#### [Work to be completed]
Find "Designart 'Sunrise over" and "CE 3d printed" in the records below. Copy the lines holding them and every line between, exactly, and no others.

#### [Data for processing]

· · · · ·

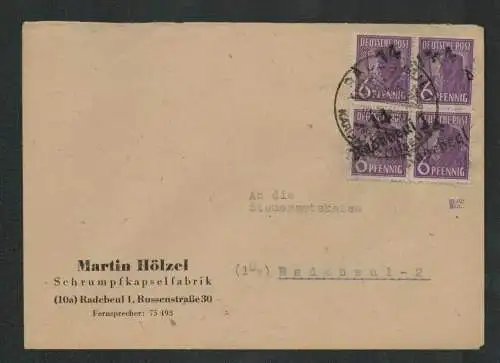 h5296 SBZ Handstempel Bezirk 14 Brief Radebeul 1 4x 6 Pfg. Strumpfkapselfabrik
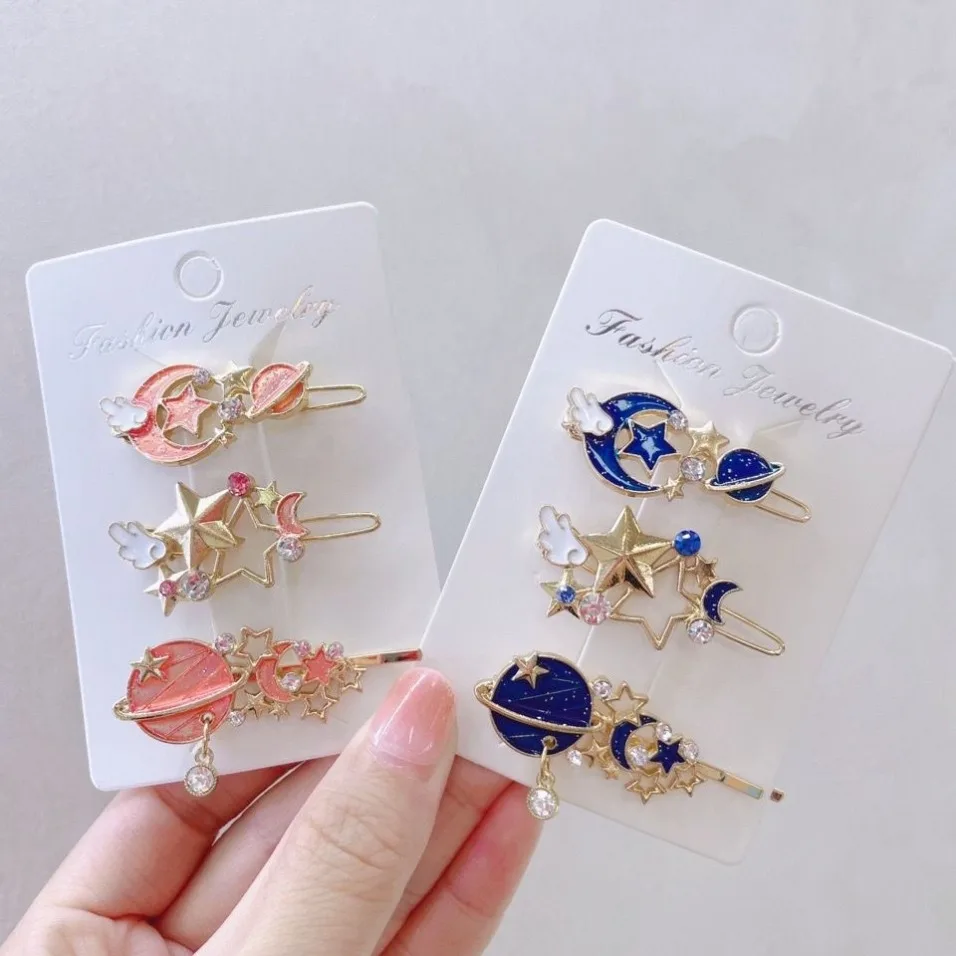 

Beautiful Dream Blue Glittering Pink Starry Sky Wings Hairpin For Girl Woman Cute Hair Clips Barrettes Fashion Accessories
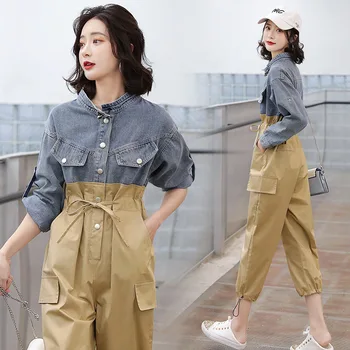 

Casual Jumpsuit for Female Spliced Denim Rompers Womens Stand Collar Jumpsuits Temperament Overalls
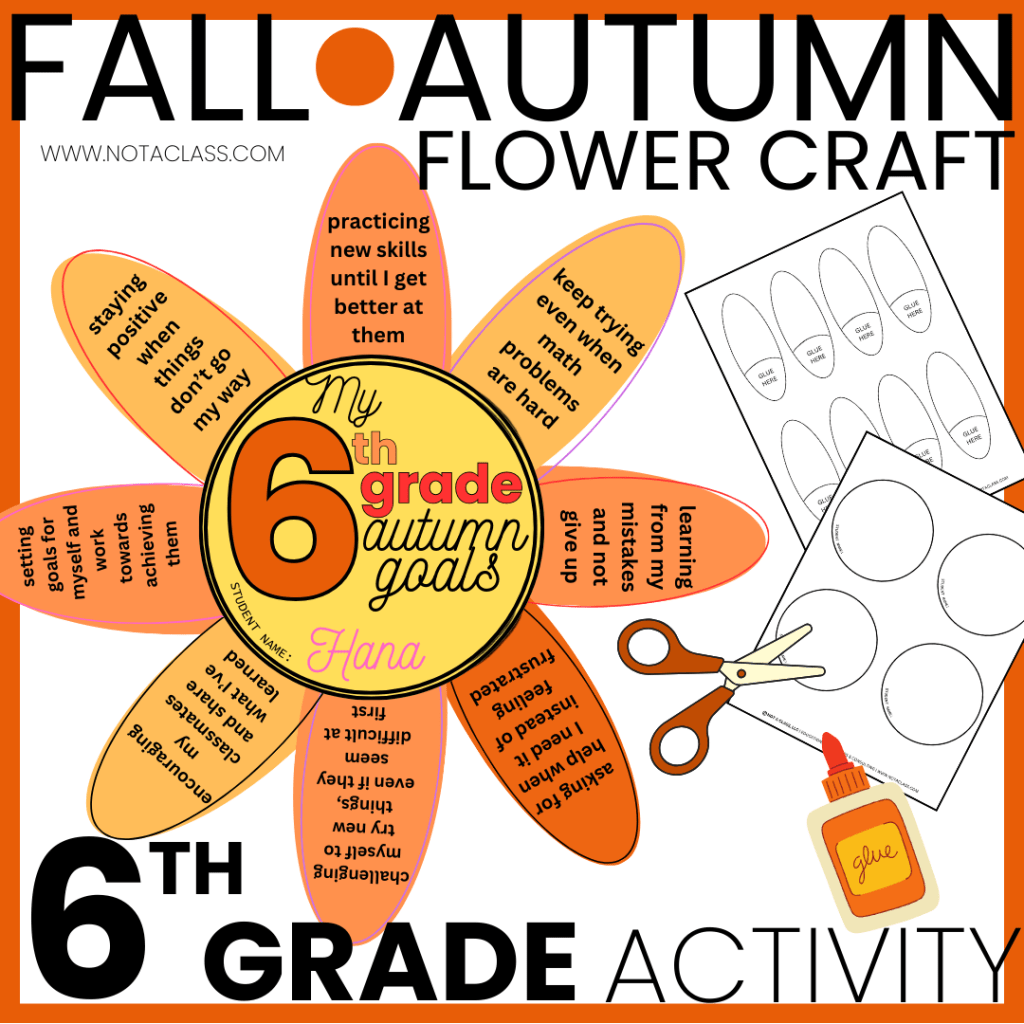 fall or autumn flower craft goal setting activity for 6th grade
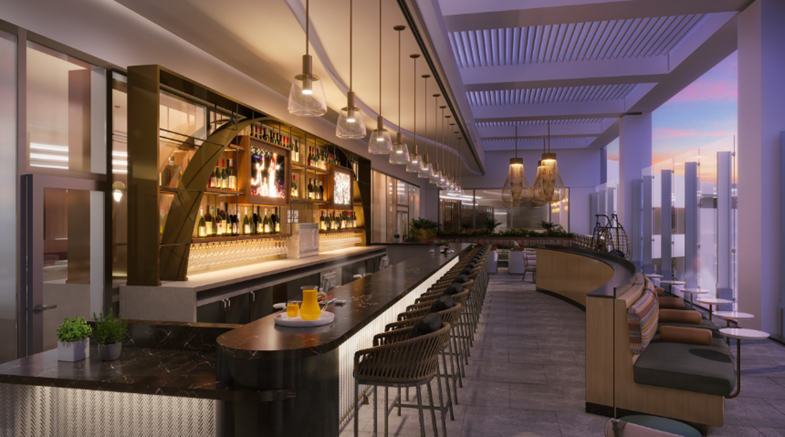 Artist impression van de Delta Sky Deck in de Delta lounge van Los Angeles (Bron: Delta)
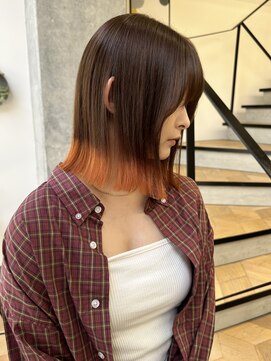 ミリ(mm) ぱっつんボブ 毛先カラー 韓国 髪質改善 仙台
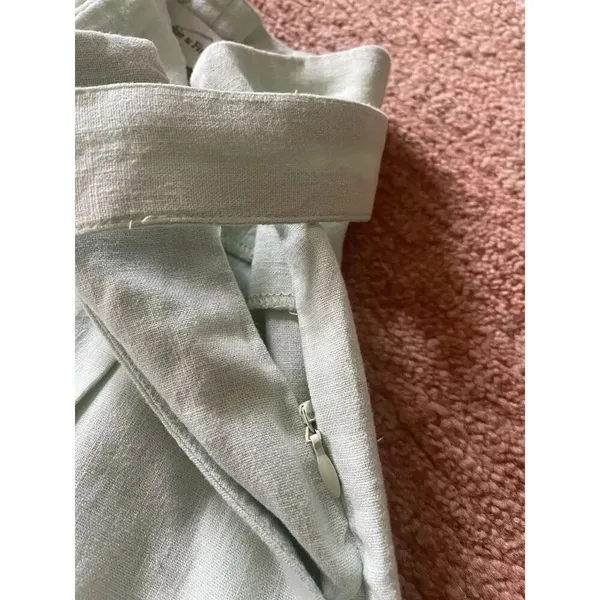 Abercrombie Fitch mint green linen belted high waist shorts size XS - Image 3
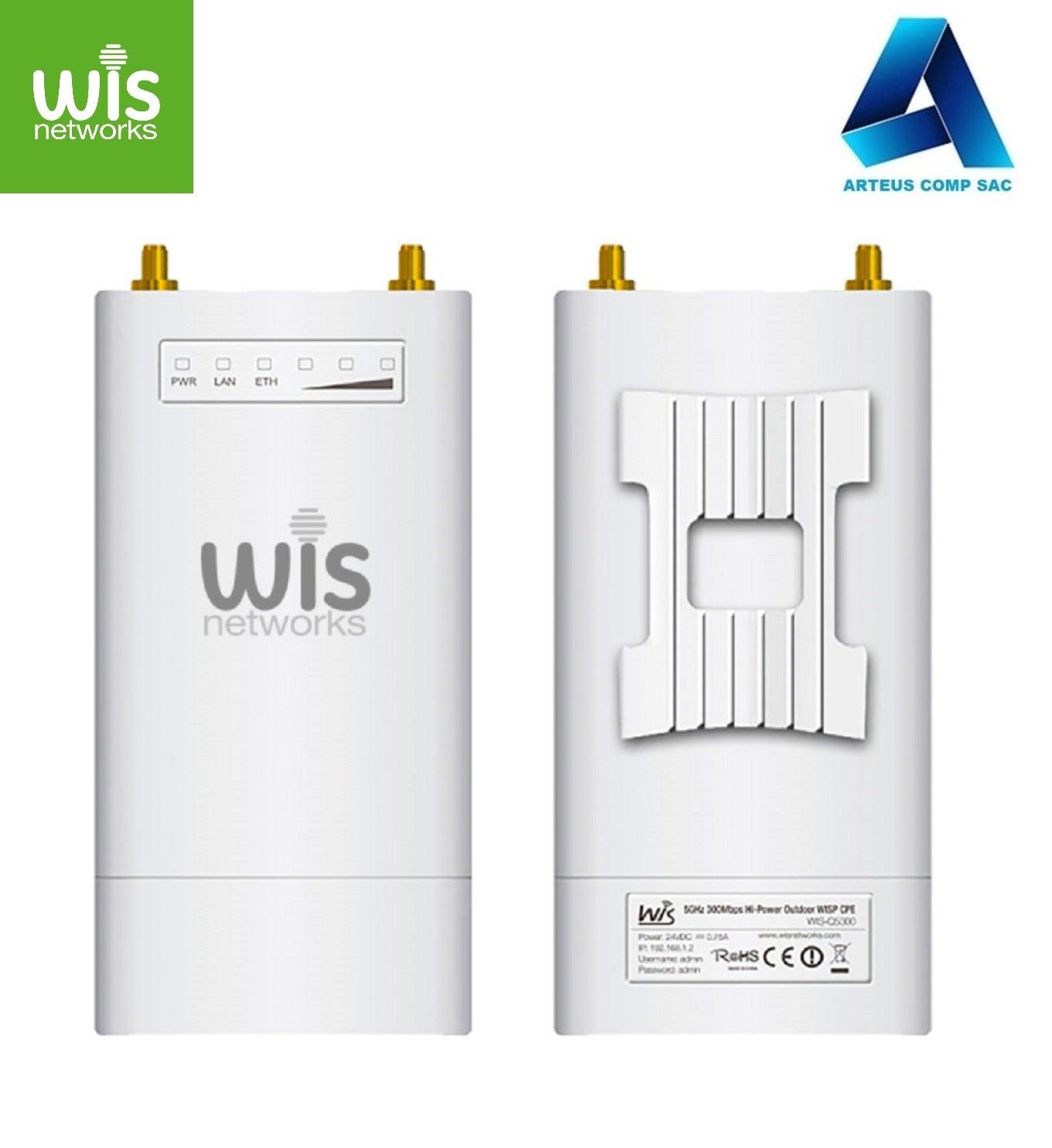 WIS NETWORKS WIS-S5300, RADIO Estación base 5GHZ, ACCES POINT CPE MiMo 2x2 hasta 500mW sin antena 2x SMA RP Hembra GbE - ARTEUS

· · · · ·

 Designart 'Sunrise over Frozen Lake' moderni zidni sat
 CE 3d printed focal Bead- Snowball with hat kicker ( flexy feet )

· · · · ·

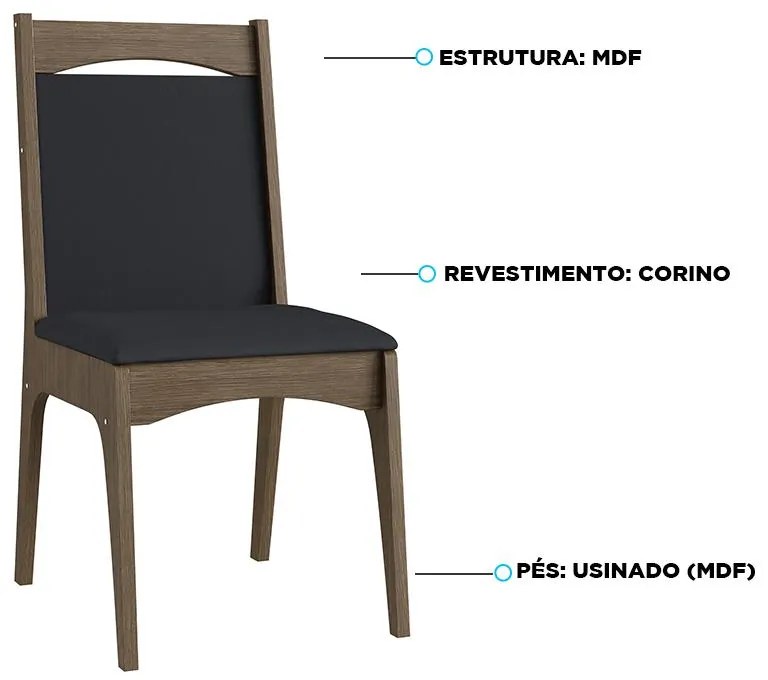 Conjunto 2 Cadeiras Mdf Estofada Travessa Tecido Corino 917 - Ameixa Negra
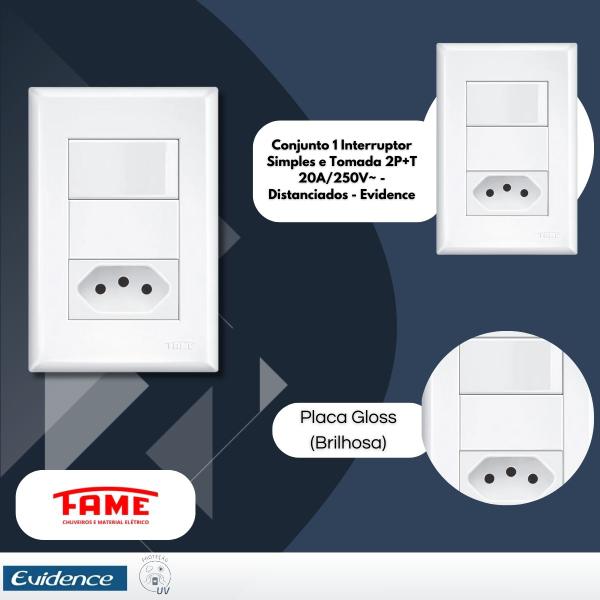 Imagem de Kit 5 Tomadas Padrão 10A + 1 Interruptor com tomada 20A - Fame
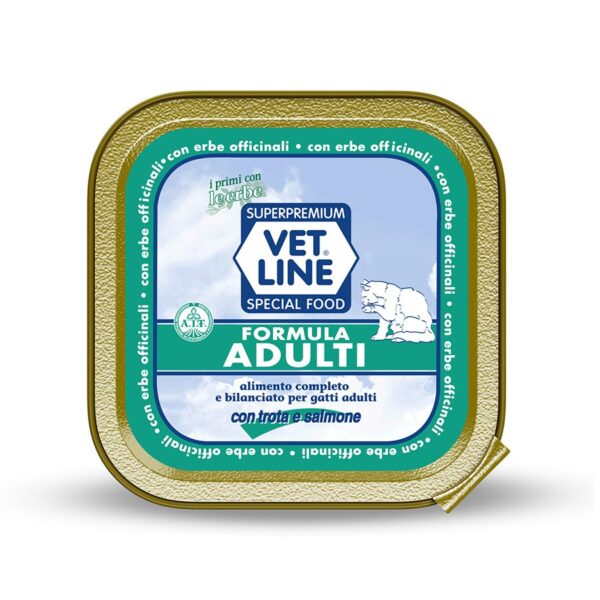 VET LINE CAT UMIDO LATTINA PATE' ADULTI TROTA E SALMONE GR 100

· · · · ·

#### [Answer box]
 Designart 'Sunrise over Frozen Lake' moderni zidni sat
 CE 3d printed focal Bead- Snowball with hat kicker ( flexy feet )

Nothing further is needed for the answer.